(GOAL OF THE EXERCISE): The output is a word-for-word repeat of the listing below, free of images.

(DATA EXTRACT):
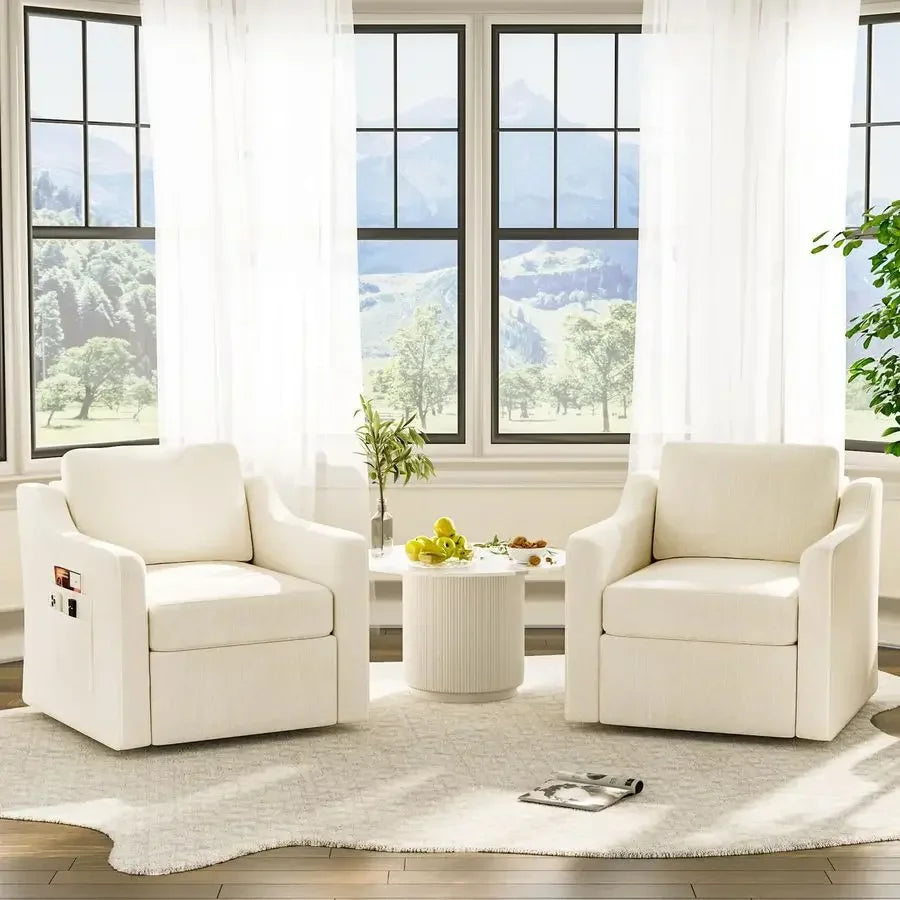 Swivel Accent Chair Set of 2, Large Comfy Reading Chairs, Upholstered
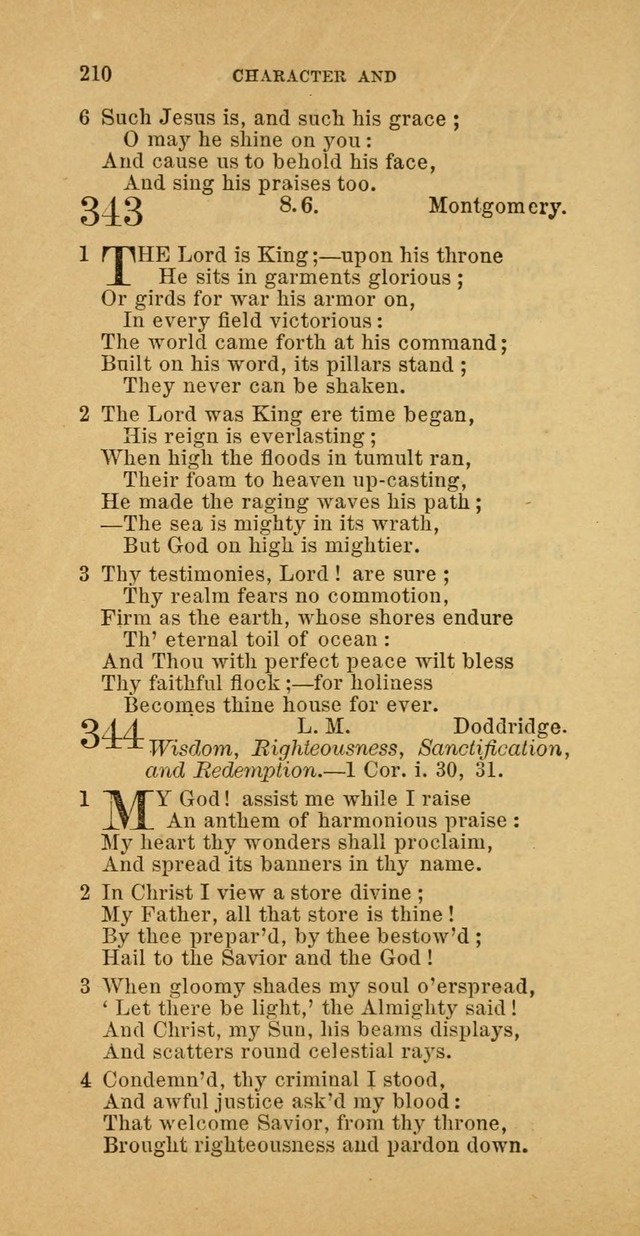 The Baptist Hymn Book: comprising a large and choice collection of psalms, hymns and spiritual songs, adapted to the faith and order of the Old School, or Primitive Baptists (2nd stereotype Ed.) page 210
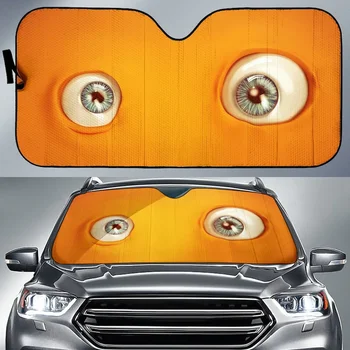 Apelsīnu Crazy Acis Karikatūra Auto SunshadeSTYLE PAR AUTO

(SOLUTION TO THIS PROBLEM):
 Swivel Accent Chair Set of 2, Large Comfy Reading Chairs, Upholstered
 The Baptist Hymn Book: comprising a large and choice collection of psalms, hymns and spiritual songs, adapted to the faith and order of the Old School, or Primitive Baptists (2nd stereotype Ed.) page 210
 Apelsīnu Crazy Acis Karikatūra Auto SunshadeSTYLE PAR AUTO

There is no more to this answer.